Print out the entries below with no edits.

= = = = =

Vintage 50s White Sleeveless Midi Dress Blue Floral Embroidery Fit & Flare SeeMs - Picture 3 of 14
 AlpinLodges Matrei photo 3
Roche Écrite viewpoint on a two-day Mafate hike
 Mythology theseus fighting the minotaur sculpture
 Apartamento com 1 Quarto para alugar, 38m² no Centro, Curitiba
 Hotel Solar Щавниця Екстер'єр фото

= = = = =

■ TASK OUTPUT:
Vintage 50s White Sleeveless Midi Dress Blue Floral Embroidery Fit & Flare SeeMs - Picture 3 of 14
 AlpinLodges Matrei photo 3
Roche Écrite viewpoint on a two-day Mafate hike
 Mythology theseus fighting the minotaur sculpture
 Apartamento com 1 Quarto para alugar, 38m² no Centro, Curitiba
 Hotel Solar Щавниця Екстер'єр фото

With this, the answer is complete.